It's long past time for Donovan to quit playing Ferguson. That's why you have a G League team. I think he's going to be a good player someday, but he's 19 and not ready now. Every lineup with him gets destroyed. Every game Donovan keeps playing him in this tight playoff race I lose a little more faith in him... Come at me, Urbanized!  :Wink: 

Donovan needs to give all of Ferguson's minutes to Huestis and Abrines and start fine tuning these lineups for the playoffs.

----------


## Anonymous.

Someone asked him about the questionable lineups last night. And his answer was basically something along the lines of he wants to keep everyone active and involved come playoff time. Seems like he wants to be able to switch out players based upon matchups. Which is basically how he was able to finesse the other coaches in 2016's playoff run. 

This seeding battle in the West is going to be insane.

----------


## Urbanized

^^^^^^^^
Yep. All of the Donovan haters have completely forgotten ‘15-‘16, when the team seemed super clunky and everyone was giving his line-ups the thumbs-down... ...right up until the playoffs, when all was revealed and it became quite obvious he was pretty a pretty masterful coach and that the weird line-ups had been a part of the larger plan of evaluation and experience-building. He out-Popped Pop in the playoffs, and but for KD’s on-count defection during the WCF we’d have had a title.

That said, Dan, I don’t disagree that T-Ferg isn’t an NBA player yet. I think it’s a possibility that they believe he could be at least serviceable by Playoff time. They just have such a poor bench right now, last night’s performance notwithstanding.

----------


## dankrutka

> ^^^^^^^^
> Yep. All of the Donovan haters have completely forgotten ‘15-‘16, when the team seemed super clunky and everyone was giving his line-ups the thumbs-down... ...right up until the playoffs, when all was revealed and it became quite obvious he was pretty a pretty masterful coach and that the weird line-ups had been a part of the larger plan of evaluation and experience-building. He out-Popped Pop in the playoffs, and but for KD’s on-count defection during the WCF we’d have had a title.
> 
> That said, Dan, I don’t disagree that T-Ferg isn’t an NBA player yet. I think it’s a possibility that they believe he could be at least serviceable by Playoff time. They just have such a poor bench right now, last night’s performance notwithstanding.

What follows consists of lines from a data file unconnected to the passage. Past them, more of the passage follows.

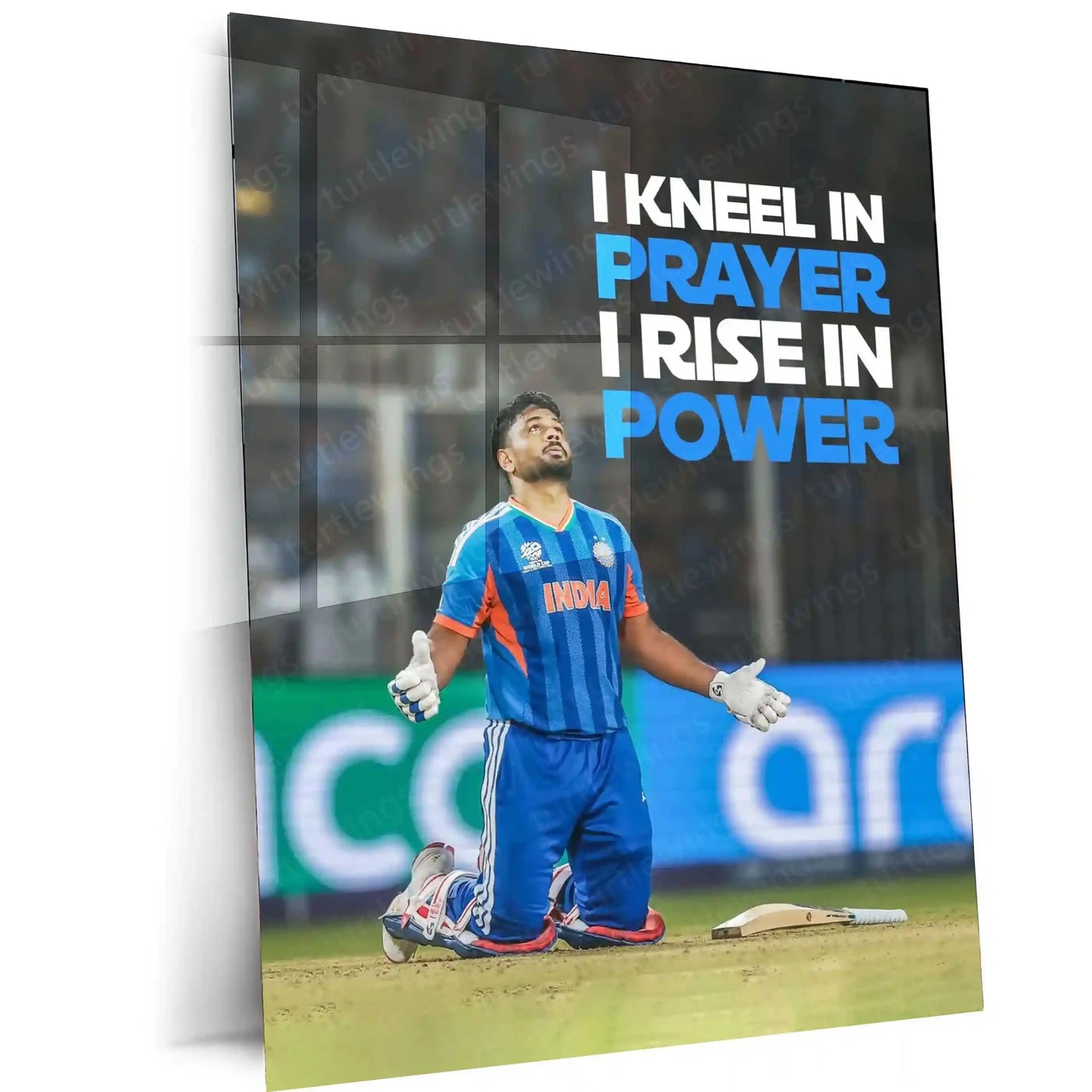 Cricket Metal Poster | Sanju Samson – I Kneel in Prayer, I Rise in Power | ICC Men's T20 World Cup, 2026 | Cricket Wall Art - TURTLEWINGS 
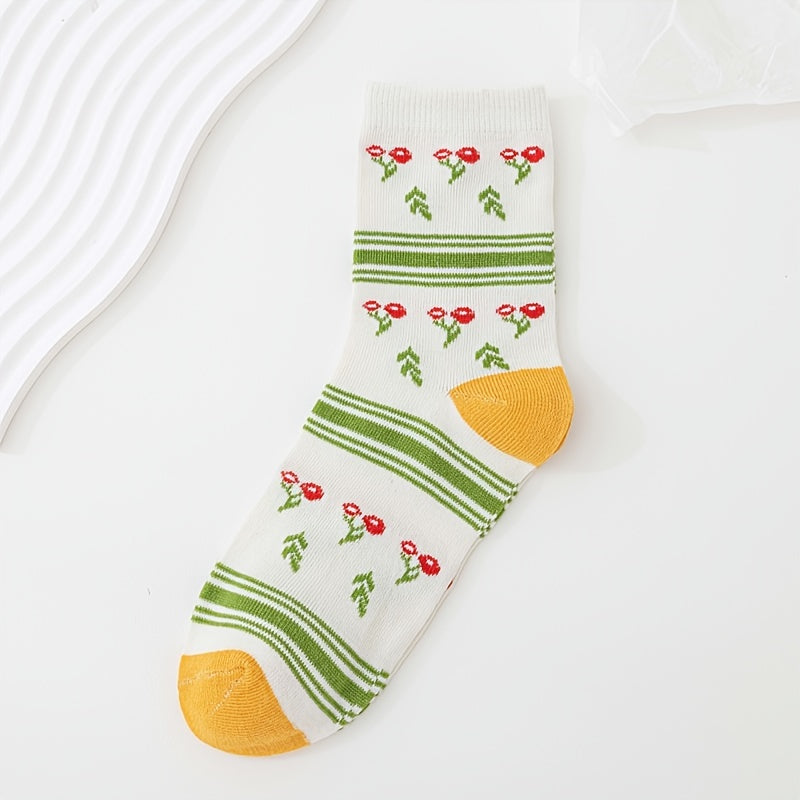 5 Pairs Floral Print Mid Tube Socks Women's Stockings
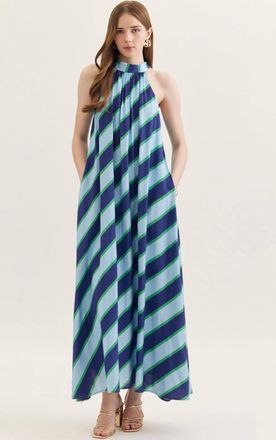 Entro Classy Striped Maxi Dress In Navy And Green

Donovan outcoached Popovich and Kerr in 2015-2016. He was amazing. Last playoffs, he had some funky lineups that never worked out and he was outcoached against Houston. But, there is not a matchup or lineup where Ferguson is beneficial to this team. If we just didn't have anyone to absorb the minutes that would be one thing, but every stat and lineup suggests that Huestis and Abrines should be getting all those minutes. Huestis needs way more experience and time, and he's been vastly more effective as an individual and team defender. That's why sticking with Ferguson at this point is indefensible in my opinion. The Thunder aren't fighting for just position right now, they could miss the playoffs. It's time to start playing winning lineups and gearing up for the playoffs.

----------


## Laramie

Not so set on Ferguson being the recipient of more or less minutes; he's got to be tested, however you don't want to destroy his will.  

Ferguson has professional experience, sure he's 19, needs more meat on his bones.  It's Donovan's call to decide just how long you can stretch Ferguson--he's got to be ready in case another Thunder domino falls (injury).  Play him with the starters and the reserves--he's ready to have a break out moment.

Reminder of how Thunder fans are impatient;  we kept calling for a reduction in Andre Roberson's minutes, now we see the value of Dre's defensive prowess--despite his free throw ineptness.

----------


## Urbanized

Yeah, the obsession over trading Roberson has me convinced to take the opinions of the most outspoken Thunder fans with a grain of salt, including Donovan haters. Clearly the team and Donovan were seeing things in Roberson that the casual fan is just incapable of seeing. I believe the same is true of Donovan haters right now. They don't like and or don't understand what they are seeing on the court, and the only answer they have is fit throwing and to blame the coach, call for his head.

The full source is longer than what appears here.